To offer my own answers to the questions posed:

* I am against erased generics in the language, on the grounds that we already 
have them via docblocks and user-space tooling.  Pushing the entire ecosystem 
to move that existing syntax into another existing syntax that doesn't really 
offer the user anything new is not worth the effort or disruption it would 
cause.  Reified, enforced generics would be worth the hassle.

* Even if I could be convinced of erased generics as a stop-gap, I would want 
to see a official, supported, first-party support for validating them in the 
PHP linter command, or similar.  If that is surprisingly hard (it may be), then 
that would preclude erased generics for me.

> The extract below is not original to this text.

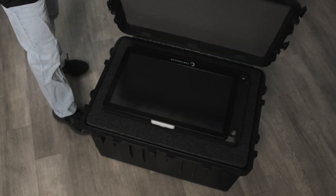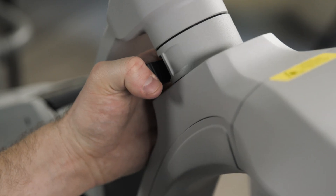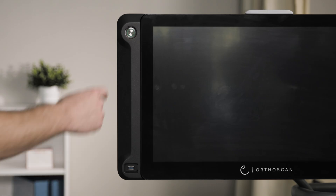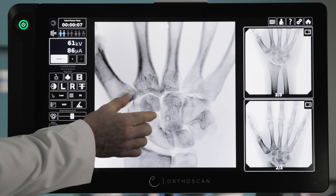Setting up Versa is quick and hassle-free. Simply unpack, mount it onto the accessory cart, and position the monitor, allowing for smooth, dynamic movement within your office. With just the press of the power button, Versa is ready to deliver real-time imaging on a high-definition 24-inch LCD touchscreen.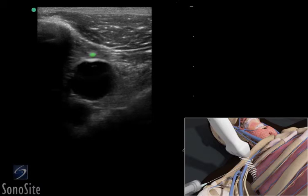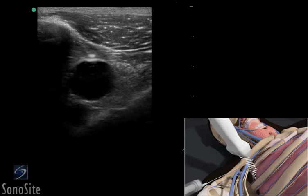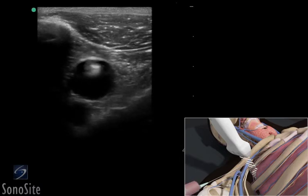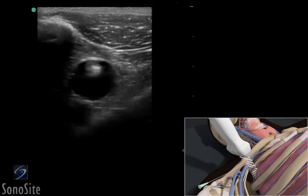When the needle tip appears, the transducer should be advanced a short distance distally to follow the tip of the needle trajectory and stay in advance of the needle entry. The needle is slowly advanced under direct ultrasound visualization until the tip is seen to puncture the subclavian vein. The probe should be moved slightly proximally and distally to confirm that the needle tip lies in the mid portion of the vein.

* I am open to punting on type inference, or having only limited type inference 
for now (eg, leaving out union types).  Primarily, doing so would be 
forward-compatible.  Saying for now that you must type `foo<A>(new A())` even 
if it's redundant doesn't preclude the language in the future allowing `foo(new 
A())` that figures out the generic type for you, and the explicit code would 
still continue to work indefinitely.  So this seems like an area that is safe 
to allow to grow in the future.

* I am also OK if there is a (small) performance hit for generic code, or for 
especially esoteric generic code.  Eg, if `new Foo<A>` has a 1% performance hit 
vs `new Foo`, and `new Foo<A|B>` has a 5% performance hit, I can live with 
that.  `new Foo<A|B>` is a zany edge case anyway, so if that costs a bit more, 
I'm fine.  It would not be fine if adding generics made `new Foo` 30% slower, 
or if `new Foo<A>` was 30% slower than the non-generic version.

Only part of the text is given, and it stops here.